We compared between K5.4 and K6.1.25 and found that Hibernation does not save the reserve area on K5.4 because it is blocked by pfn_valid.

Therefore, we have added the following workaround to skip some reserved memory sections.

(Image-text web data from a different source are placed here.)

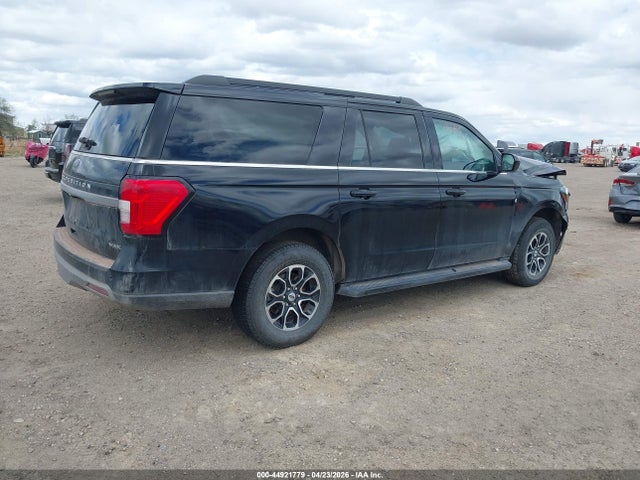 1FMJK1J82REA18892 Ford Expedition Xlt Max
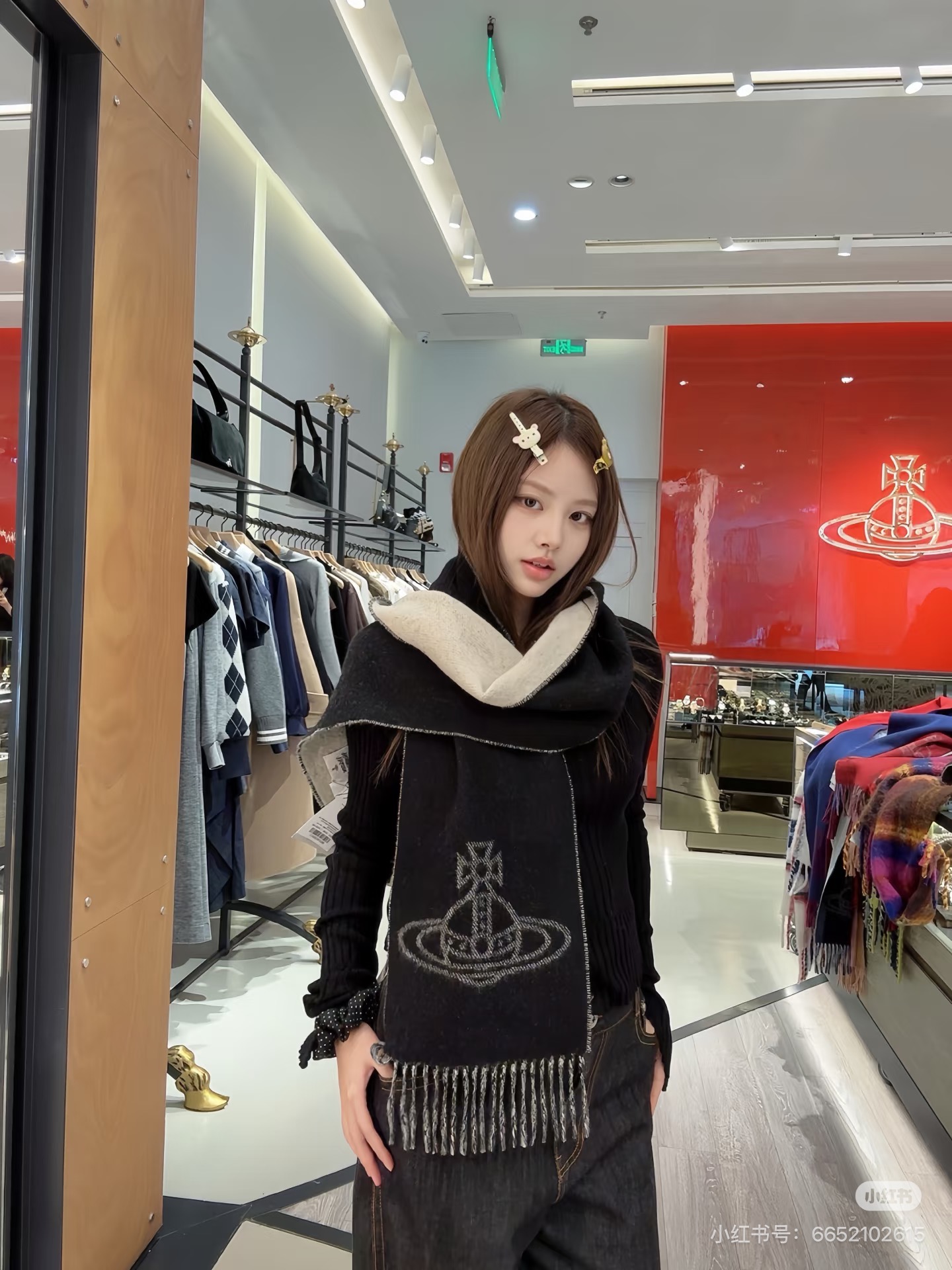 罗杰·维维亚 Roger Vivier 高定典藏名品高定成衣时装外套连衣裙衬衫T恤 #E6F14A02 4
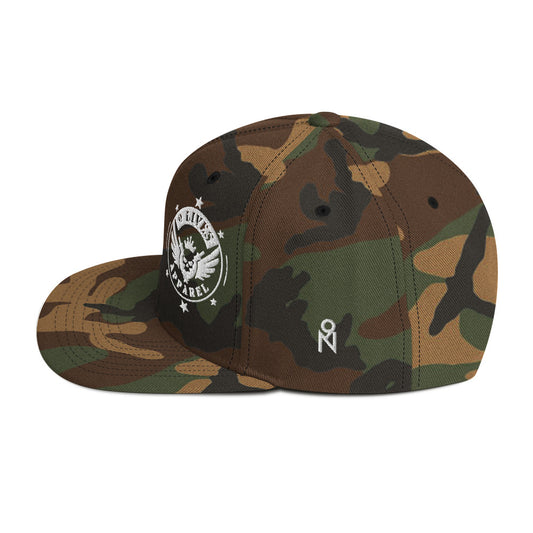 Military Minded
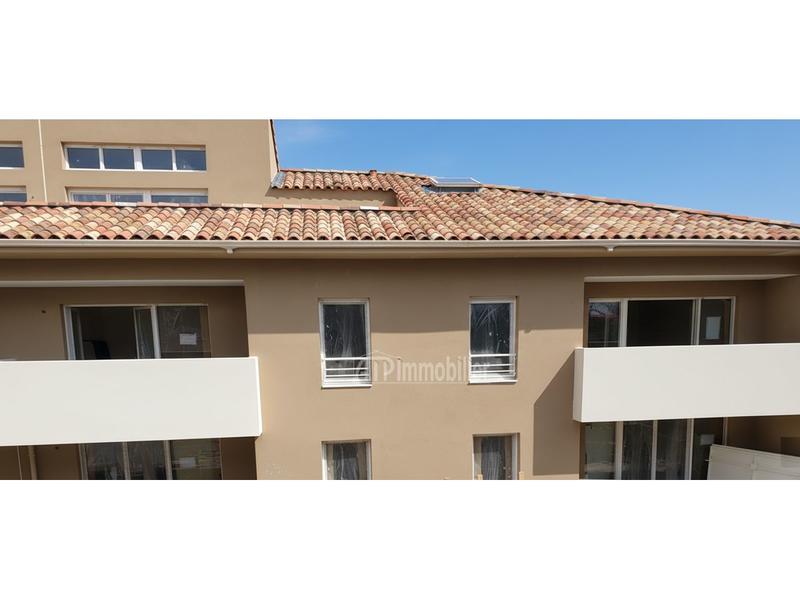 Appartement - 88 m² - 4 pièces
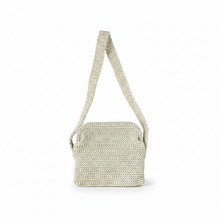 BINN12-BINGE-PALOMA MINI POUCH, STRAP-S3600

The skip region is obtained from "cat /proc/iomem".
40000000-42fbffff : System RAM
40008000-410fffff : Kernel code
41200000-4144a25f : Kernel data
43100000-4402ffff : System RAM
45140000-593fffff : System RAM
59401000-5940ffff : System RAM
5941f000-594effff : System RAM
59501180-595fffff : System RAM
59640000-7fffffff : System RAM

static unsigned int pfn_is_reserved(unsigned long pfn){
phys_addr_t phys = __pfn_to_phy
if(phys >= 0x42fc0000 && phys< 0x43100000){
return true;
}
if(phys >= 0x44030000 && phys< 0x45140000){
return true;
}
if(phys >= 0x59400000 && phys< 0x59401000){
return true;
}
if(phys >= 0x59410000 && phys< 0x5941f000){
return true;
}
if(phys >= 0x594f0000 && phys< 0x59501180){
return true;
}
if(phys >= 0x59600000 && phys< 0x59640000){
return true;
}
return false;

}

static struct page *saveable_page(struct zone *zone, unsigned long pfn) {
struct page *page;

if (!pfn_valid(pfn)){
return NULL;
}

if(pfn_is_reserved(pfn))
return NULL;
........


Do you know of any patches that can fix this problem?

thanks

-----Original Message-----
From: Pavel Machek <pavel@xxxxxx>
Sent: Thursday, June 13, 2024 6:52 PM
To: Jia-hao Bai (白家豪) <Jia-hao.Bai@xxxxxxxxxxxx>
Cc: linux-kernel@xxxxxxxxxxxxxxx; rafael@xxxxxxxxxx; Iverlin Wang (王苳霖) <Iverlin.Wang@xxxxxxxxxxxx>; Boy Wu (吳勃誼) <Boy.Wu@xxxxxxxxxxxx>; Seiya Wang (王迺君) <seiya.wang@xxxxxxxxxxxx>; Dengjun Su (苏邓军) <Dengjun.Su@xxxxxxxxxxxx>; Win Yeh (葉昌倫) <Win.Yeh@xxxxxxxxxxxx>; Sowell Peng (彭首偉) <Sowell.Peng@xxxxxxxxxxxx>; Richard-CC Yang (楊職銓) <Richard-CC.Yang@xxxxxxxxxxxx>
Subject: Re: [BUG] Kernel panic when using Hibernation on kernel 6.1.25

Hi!

> I encountered a kernel panic when using the Hibernation on kernel version 6.1.25. Below are the details of the issue:
>
> **Description:**
> When I enable CONFIG_HIBERNATION and assign a specific partition for hibernation resuming and perform a specific operation, the system crashes with a kernel panic.
>
> CONFIG_HIBERNATION=y
> CONFIG_PM_STD_PARTITION="/dev/mmcblk0p16"
>
> **Steps to Reproduce:**
> 1. Set printk to level 8: ` echo 8 > /proc/sys/kernel/printk`
> 2. Set up the swap partition: ` mkswap /dev/mmcblk0p16`
> 3. Enable the swap partition: ` swapon -p -3 /dev/mmcblk0p16`
> 4. Configure hibernation resuming settings: ` echo "/dev/mmcblk0p16" > /sys/power/resume`
> 5. Configure hibernation mode:` echo reboot > /sys/power/disk`
> 6. Perform the operation: ` echo disk > /sys/power/state`
> 7. Observe the kernel panic
>
>
> **Expected Behavior:**
> The operation should complete successfully without causing a kernel panic.
>
> **Actual Behavior:**
> The system crashes with a kernel panic.
>
> **Environment:**
> - Kernel version: 6.1.25
> - Distribution: Yocto 4.0 32bit/Kernel 6.1.25 32bit
> - Hardware: Arm Cortex A55, 1GB RAM

We'd need to know way more about the hardware. Also testing with latest mainline would be useful.

Best regards,
Pavel
--
People of Russia, stop Putin before his war on Ukraine escalates.